== GIVEN DATA ==
>>>>>

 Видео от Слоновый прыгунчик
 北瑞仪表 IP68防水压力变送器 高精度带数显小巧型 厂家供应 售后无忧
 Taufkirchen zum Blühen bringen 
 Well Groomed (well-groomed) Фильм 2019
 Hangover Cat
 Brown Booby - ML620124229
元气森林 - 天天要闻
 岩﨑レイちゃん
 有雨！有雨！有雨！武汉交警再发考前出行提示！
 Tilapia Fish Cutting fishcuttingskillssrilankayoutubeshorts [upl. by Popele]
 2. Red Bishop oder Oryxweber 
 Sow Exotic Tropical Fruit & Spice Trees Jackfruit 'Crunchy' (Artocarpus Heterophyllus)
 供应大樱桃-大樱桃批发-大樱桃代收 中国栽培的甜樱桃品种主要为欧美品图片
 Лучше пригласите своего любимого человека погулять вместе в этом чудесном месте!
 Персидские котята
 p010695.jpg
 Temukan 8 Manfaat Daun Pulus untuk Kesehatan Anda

<<<<<

== TASK GOAL ==
Transcribe exactly, and only, the lines from the opening line of the records through the line containing "Tilapia Fish Cutting".

== SOLUTION TO THE PROBLEM ==
 Видео от Слоновый прыгунчик
 北瑞仪表 IP68防水压力变送器 高精度带数显小巧型 厂家供应 售后无忧
 Taufkirchen zum Blühen bringen 
 Well Groomed (well-groomed) Фильм 2019
 Hangover Cat
 Brown Booby - ML620124229
元气森林 - 天天要闻
 岩﨑レイちゃん
 有雨！有雨！有雨！武汉交警再发考前出行提示！
 Tilapia Fish Cutting fishcuttingskillssrilankayoutubeshorts [upl. by Popele]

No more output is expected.